La Universi Dominici gregis había establecido la elección del Papa por mayoría cualificada de dos tercios, pero en caso de que el cónclave se prolongara más de 30 escrutinios en 10 días, preveía que los cardenales pudieran elegir al nuevo Papa por mayoría absoluta simple de los votos (nn. 74-75). No se trataba de un cambio irrelevante, ya que la mayoría absoluta hace más verosímil la hipótesis de un Papa impugnado, bastando la invalidez de una papeleta para invalidar la elección de un Papa elegido por mayoría. Quizás por ello, con la Carta Apostólica del 11 de junio de 2007, De aliquibus mutationibus in normis de electione Romani Pontificis, Benedicto XVI restableció la norma tradicional según la cual para la elección del Sumo Pontífice se requiere siempre la mayoría de dos tercios de los votos de los cardenales electores presentesLa necesidad de los dos tercios refuerza la posición de una minoría de bloqueo y hace que el cónclave pueda prolongarse en el tiempo. Esto ha ocurrido muchas veces en la era moderna. Basta recordar que el cónclave que eligió a Barnaba Chiaramonti, con el nombre de Pío VII (1800-1823), duró más de tres meses, desde el 30 de noviembre de 1799 hasta el 14 de marzo de 1800, mientras que el cónclave que eligió a Gregorio XVI (1831-1846) duró unos 50 días, del 14 de diciembre de 1830 al 2 de febrero de 1831. El papa elegido fue Bartolomeo Alberto Cappellari, un monje camaldulense, prefecto de la Congregación de Propaganda Fide, que ni siquiera era obispo en el momento de la elección. Tras ser elegido papa, fue primero ordenado obispo y luego coronado.
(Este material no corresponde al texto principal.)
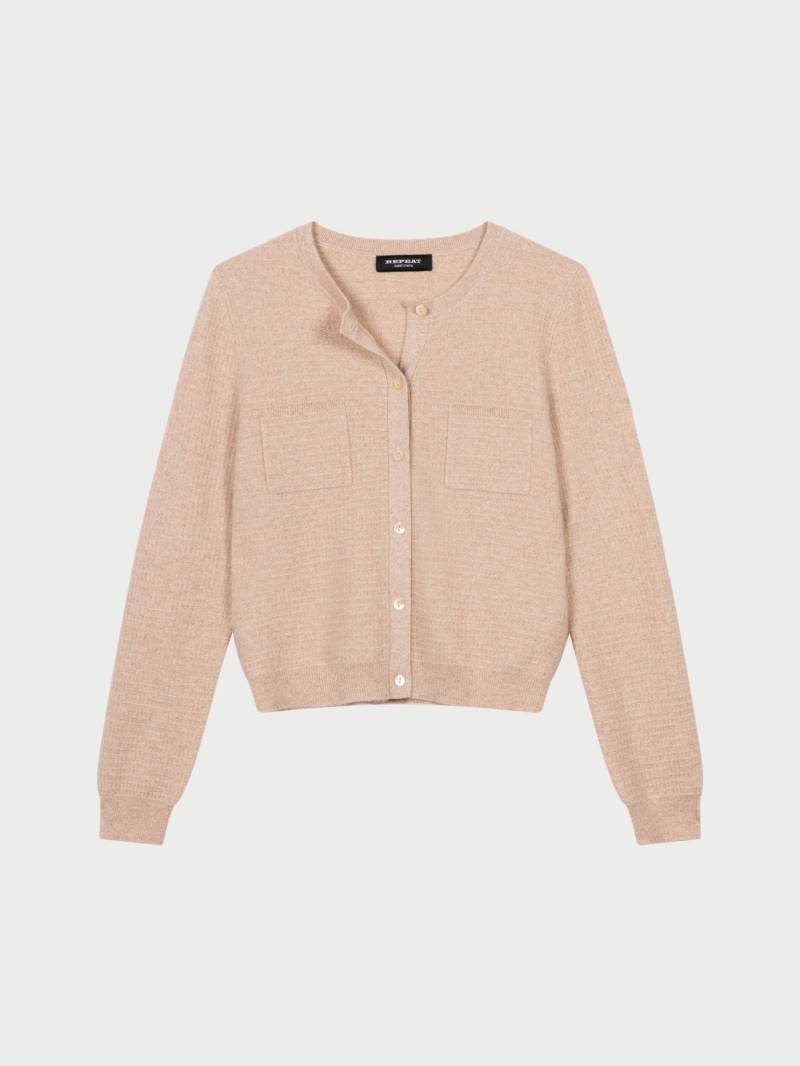 Texturierte Kaschmir-Strickjacke mit Brusttaschen von REPEAT cashmere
Los funerales del papa Francisco fueron un momento de aparente unidad. El próximo cónclave, reflejando la verdadera situación de la Iglesia, será en cambio un lugar de división, que obligará a los cardenales a asumir su responsabilidad por el bien de la Iglesia. La púrpura, que simboliza la sangre de los mártires, recuerda a los cardenales que deben estar dispuestos a luchar y derramar su sangre en defensa de la fe, y el cónclave es siempre un teatro de lucha en el que participa la parte más noble del Cuerpo Místico de Cristo. En la plaza de San Pedro, el 26 de abril, la Iglesia recibió los honores inconscientes de un mundo que la combate. En la Capilla Sixtina, los cardenales, o al menos una minoría de ellos, tendrán que luchar por el honor de la Iglesia, hoy humillada por sus adversarios, sobre todo internos. Por esta razón, un cónclave largo y controvertido abre horizontes de esperanza mayores que los que podría reservar un cónclave breve, en el que, desde el principio, se eligiera un candidato de compromiso.

El mejor Papa no será el Papa «políticamente correcto» sugerido por los medios de comunicación, ni el Papa político que, presentándose como «pacificador», obtendrá el pontificado a través de garantías y promesas que no cumplirá.

La Iglesia y el pueblo fiel necesitan un Papa íntegro en la doctrina y en las costumbres, que no presente como concesiones lo que en la fe, en la moral, en la liturgia y en la vida espiritual es un derecho irrevocable; necesitan un auténtico Vicario de Cristo, que devuelva a la Cátedra de Pedro su papel de luz de la verdad y de la justicia. De lo contrario, si esta luz falta en el mundo, a la Iglesia no le quedarán más que los méritos del sufrimiento y los recursos de la oración.